Sure, the poll numbers and economic data look bad for the president — hence the focus on attacking likely 2012 Republican opponents rather than defending the administration’s record. But the latest Bloomberg Businessweek offers an article that should alarm anyone who thinks the GOP can rely only on historical trends to predict the outcome of next year’s presidential race. A different set of numbers could help the president’s cause:

Day and night, Will St. Clair can be found sitting in the dark on an exercise ball in the back room of Barack Obama’s Chicago campaign headquarters, staring at a computer screen and typing intensely. Exactly what he’s doing in there for all those hours is a mystery even to some of the campaign’s senior staff. They hope the 23-year-old software engineer can use his skills to help them find ways to reassure wavering Obama supporters, and identify new ones.

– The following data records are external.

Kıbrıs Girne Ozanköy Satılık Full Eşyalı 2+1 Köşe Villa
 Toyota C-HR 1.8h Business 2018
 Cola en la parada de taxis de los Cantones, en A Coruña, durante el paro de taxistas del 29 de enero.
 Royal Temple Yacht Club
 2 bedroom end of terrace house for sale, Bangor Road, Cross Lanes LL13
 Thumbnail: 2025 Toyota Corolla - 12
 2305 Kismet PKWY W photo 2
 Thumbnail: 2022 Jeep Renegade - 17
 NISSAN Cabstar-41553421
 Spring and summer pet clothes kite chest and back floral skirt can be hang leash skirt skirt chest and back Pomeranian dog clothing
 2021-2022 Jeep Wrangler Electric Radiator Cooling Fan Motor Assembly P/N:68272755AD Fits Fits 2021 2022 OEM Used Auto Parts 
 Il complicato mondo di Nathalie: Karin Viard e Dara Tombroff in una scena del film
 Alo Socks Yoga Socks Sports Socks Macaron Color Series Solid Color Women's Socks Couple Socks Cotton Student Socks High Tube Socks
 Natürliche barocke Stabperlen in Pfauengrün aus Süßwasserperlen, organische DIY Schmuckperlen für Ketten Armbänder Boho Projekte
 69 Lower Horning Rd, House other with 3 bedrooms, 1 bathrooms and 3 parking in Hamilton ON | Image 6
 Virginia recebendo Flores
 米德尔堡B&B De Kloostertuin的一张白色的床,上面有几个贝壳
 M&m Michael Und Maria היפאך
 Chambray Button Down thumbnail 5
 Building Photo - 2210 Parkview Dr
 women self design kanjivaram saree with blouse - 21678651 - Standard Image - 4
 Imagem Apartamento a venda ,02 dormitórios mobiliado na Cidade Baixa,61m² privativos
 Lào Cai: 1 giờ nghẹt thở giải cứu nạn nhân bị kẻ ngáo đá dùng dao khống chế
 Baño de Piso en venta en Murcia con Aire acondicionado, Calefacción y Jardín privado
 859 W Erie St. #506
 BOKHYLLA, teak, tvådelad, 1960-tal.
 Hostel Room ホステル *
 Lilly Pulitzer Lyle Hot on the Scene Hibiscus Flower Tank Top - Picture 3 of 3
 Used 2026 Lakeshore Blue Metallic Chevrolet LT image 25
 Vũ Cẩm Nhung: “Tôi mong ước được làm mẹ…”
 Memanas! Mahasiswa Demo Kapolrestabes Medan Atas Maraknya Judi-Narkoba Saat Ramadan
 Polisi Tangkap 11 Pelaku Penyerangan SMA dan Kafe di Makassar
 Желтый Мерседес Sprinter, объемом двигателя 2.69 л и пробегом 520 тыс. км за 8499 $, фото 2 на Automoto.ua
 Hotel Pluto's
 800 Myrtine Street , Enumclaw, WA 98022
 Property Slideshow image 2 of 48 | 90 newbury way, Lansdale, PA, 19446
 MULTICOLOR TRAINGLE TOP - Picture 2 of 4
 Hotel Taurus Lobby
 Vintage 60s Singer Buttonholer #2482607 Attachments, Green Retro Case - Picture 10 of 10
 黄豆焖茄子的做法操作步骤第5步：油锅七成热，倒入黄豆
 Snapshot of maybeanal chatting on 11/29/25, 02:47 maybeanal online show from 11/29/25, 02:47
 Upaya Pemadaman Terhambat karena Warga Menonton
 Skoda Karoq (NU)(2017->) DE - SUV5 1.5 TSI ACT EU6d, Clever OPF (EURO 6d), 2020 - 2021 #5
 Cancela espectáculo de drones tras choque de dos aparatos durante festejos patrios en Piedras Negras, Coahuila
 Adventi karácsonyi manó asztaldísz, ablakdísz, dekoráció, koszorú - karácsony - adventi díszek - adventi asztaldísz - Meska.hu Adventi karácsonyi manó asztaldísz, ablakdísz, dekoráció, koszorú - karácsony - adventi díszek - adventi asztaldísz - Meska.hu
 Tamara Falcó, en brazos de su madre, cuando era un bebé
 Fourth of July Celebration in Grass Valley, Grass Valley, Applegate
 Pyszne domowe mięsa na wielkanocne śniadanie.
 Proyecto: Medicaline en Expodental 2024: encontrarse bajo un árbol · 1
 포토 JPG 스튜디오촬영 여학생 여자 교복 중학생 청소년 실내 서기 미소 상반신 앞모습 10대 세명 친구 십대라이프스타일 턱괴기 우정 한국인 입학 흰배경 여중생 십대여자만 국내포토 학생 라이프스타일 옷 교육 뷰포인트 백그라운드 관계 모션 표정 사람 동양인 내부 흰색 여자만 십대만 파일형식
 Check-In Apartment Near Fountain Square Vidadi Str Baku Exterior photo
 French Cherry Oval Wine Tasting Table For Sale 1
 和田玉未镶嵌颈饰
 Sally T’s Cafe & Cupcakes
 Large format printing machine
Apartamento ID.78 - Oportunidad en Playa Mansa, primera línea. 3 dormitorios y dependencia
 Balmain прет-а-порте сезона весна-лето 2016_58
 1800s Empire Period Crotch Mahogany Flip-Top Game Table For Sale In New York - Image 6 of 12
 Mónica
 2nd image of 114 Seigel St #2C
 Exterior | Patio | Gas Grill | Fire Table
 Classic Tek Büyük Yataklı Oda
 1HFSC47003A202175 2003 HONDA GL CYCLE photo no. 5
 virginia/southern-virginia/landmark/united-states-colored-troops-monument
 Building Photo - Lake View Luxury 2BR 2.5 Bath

St. Clair, who worked for a Chicago ad agency before joining the campaign, is one of more than a dozen developers and engineers toiling full time to reelect Obama. Their job is to write software that can make sense of the reams of voter data the campaign collects, searching for information that will enable a not-so-popular President running in a lousy economy to wring out every last vote he can. The idea is to take the now-standard practice of “microtargeting”—where a campaign repeatedly pesters supporters with phone calls, volunteer visits, and fundraising e-mails—one step further by tailoring their message to the concerns of individual voters.